25 Temmuz 2012 Çarşamba

Ne düşündüğüne dikkat et !

"Ne düşündüğüne dikkat et, bir gün kaderin olabilir."

Uzun süredir güzel bir film seyretme ümidiyle epey görüntü seyrettim. "Nar" ve "Çamur" adlı iki berbat türk filminin ardından basbayağı karamsarlık denizinin 'o istediğini bulumamış' kıyılarında buldum kendimi. Ama orucun ve sıcağın gözlerimin beyazına çizdiği kırmızı çizgilere aldırmayarak sevgili müdürüm Raziye Hanım'ın da tavsiyeleriyle yeni bir filme başladım; "Demir Leydi". İngiltere'nin eski ve ilk başbakanı olan Margaret Teacher'in hayatını anlatan bu filimde de aradığımı bulamadım aslında ama bir yerde bildiğim bir şeylerin bana tekrar hatırlatılırken gözümün içine sokarcasına verilmesine maruz kaldım.

"Ne düşündüğüne dikkat et, gün gelir dilinde bir söz olur, söylediklerine de dikkat et gün gelir bir davranış bir eylem olur, davranışların alışkanlık, alışkanlıların karakterin olur, karakterine de dikkat et gün gelir kaderin olur."

Madde nedir? Bu soru sorulduğunda öğrencilerin "kütlesi, hacmi ve eylemsizliği olan her şeye denir" gibi bir tanımlamalarını bir fizik öğretmeni olarak kulağımın o derin köşelerinde duyabiliyorum. Kuantum fiziğinde çift yarık deneyinde ışığın dalga özelliği gösterirken gözlemciye göre birden nasıl parçacık özelliği gösterdiği anlatılır. Schrödinger'in kedisi bu muammaya işaret eder. Bir kutunun içerisine canlı bir kedi koyar kutuyu kapatırız, elimize bir tabanca alıp kutunun içerisine bir el ateş ederiz. Kedi öldü mü?, yaşıyor mu?. Bir çoğumuz mantıklı cevaplar peşine düşeriz, en mantıklımız "eğer kurşun isabet ettiyse" diye başlar. Ama kedinin ölüp ölmediğine dair bir sürü olasılıklar vardır. Mantıksal düzeyde cevabımız 1 veya 0 dan oluşur. Ya ölüdür ya da canlı. Ama kuantum dünyasına girdiğinizde görürsünüz ki o kedi hem ölüdür hem canlı.

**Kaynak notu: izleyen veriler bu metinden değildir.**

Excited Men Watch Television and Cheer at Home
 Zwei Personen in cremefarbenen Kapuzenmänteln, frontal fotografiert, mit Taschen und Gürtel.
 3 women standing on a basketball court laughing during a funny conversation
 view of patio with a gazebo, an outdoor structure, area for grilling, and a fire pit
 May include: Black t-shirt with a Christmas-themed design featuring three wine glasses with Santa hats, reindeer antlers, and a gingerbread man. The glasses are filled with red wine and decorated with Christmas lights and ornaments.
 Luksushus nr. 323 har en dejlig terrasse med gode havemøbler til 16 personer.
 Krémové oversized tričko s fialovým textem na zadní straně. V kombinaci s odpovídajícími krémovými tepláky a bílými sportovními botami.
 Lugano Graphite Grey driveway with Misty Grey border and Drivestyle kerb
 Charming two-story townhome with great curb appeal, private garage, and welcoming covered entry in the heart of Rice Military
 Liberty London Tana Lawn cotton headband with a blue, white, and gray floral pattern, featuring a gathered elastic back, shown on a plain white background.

"Ne biliyoruz ki" adlı bir belgesel var, bir japon bilim adamının yaptığı deneyi ve sonuçlarını şu şekilde açıklıyor. Bilim adamı düşüncelerin su molekülleri üzerindeki etkisini incelemek için aynı boyuttaki su şişelerinin içerisine aynı sulardan doldurur, tek farklılık şişelerin üzerine yazılan yazılardır. Birinci şişeye sevgi sözcükleri, ikinci şişenin üzerine bir dua, üçüncü şişenin üzerine nefret sözcükleri, ve buna benzer duygu ve düşünce bildiren diğer yazılarda diğer şişelerin üzerine yapıştırılmış ve bir hafta sonra bu şişelerdeki su moleküllerinin yapısı bir mikroskopla incelenmiş ve fotoğraflanmıştır. Güzel söz yazılı olan şişedeki su moleküllerinin çok güzel bir görüntüsü oluşmuşken nefret sözleri yazılı olan şişedeki su moleküllerinin korkunç bir görüntüsü oluşmuştur. Dua yazılı şişedeki su molekülü eşsiz bir güzellikte ve her şişedeki su molekülü farklı bir desende görülmektedir. Aslında her şişedeki su moleküllerinin aynı şekilde olmasını beklerken bu denli farklı olması su molekülleri üzerindeki düşüncenin nedenli etkili olduğunu göstermektedir. Ya insan. Yüzde doksanı su olan insan ! Kendinize kötü bir söz söyletmeyin, gün gelir (fiziksel) kişiliğiniz olur !

Bakışlarıyla camı kıran adamın hikayesini biliyoruz, hipnozla bir kor parçası olduğuna inandırılan buz parçasına dokunduğu için eli yanan insanı da biliyoruz ve buna benzer bir çok deneyim. Öyleyse madde nedir ?

Maddeyi anlamak için en küçük yapı taşlarına bakmak gerekir, atom altı parçacıklara. İnsanoğlu olarak doğadaki her şeyi katı olarak algılamaya çalışırız, ilk atom modelini üzümlü keke benzeten de biziz. Peki bu atom altı parçacıklar, elektronlar, kuarklar, mezonlar vs. nasıl bir yapıdadır. Bu parçacıkların hepsi bizim anladığımız gibi katı bir şey değildir, bunlar enerji paketçikleridir. Bir florasan lamba ışığı gibi bir enerji. Böyle bir benzetme yapınca bir hologram gibi görmeye başlıyorum, baştan başa bir enerji ve sadece bir görüntü.

Madde nedir ?
Madde, bir düşüncedir.
Yüz ve beden hatlarını belirleyen düşüncedir.
Sözlere hükmeden düşüncedir.
Davranışlara yön veren düşüncedir.
Seçimlerinle kaderini belirleyen şey düşüncedir.
Şu an hangi masada oturduğunu ve hangi odada ne iş yaptığı belirleyen düşüncedir.
Olasılıklar dünyasında size yol açan şey düşüncedir.

"Düşünce kadar tehlikeli bir şey yoktur"
Bir insanı hastalığı değil, öleceği düşüncesi öldürür.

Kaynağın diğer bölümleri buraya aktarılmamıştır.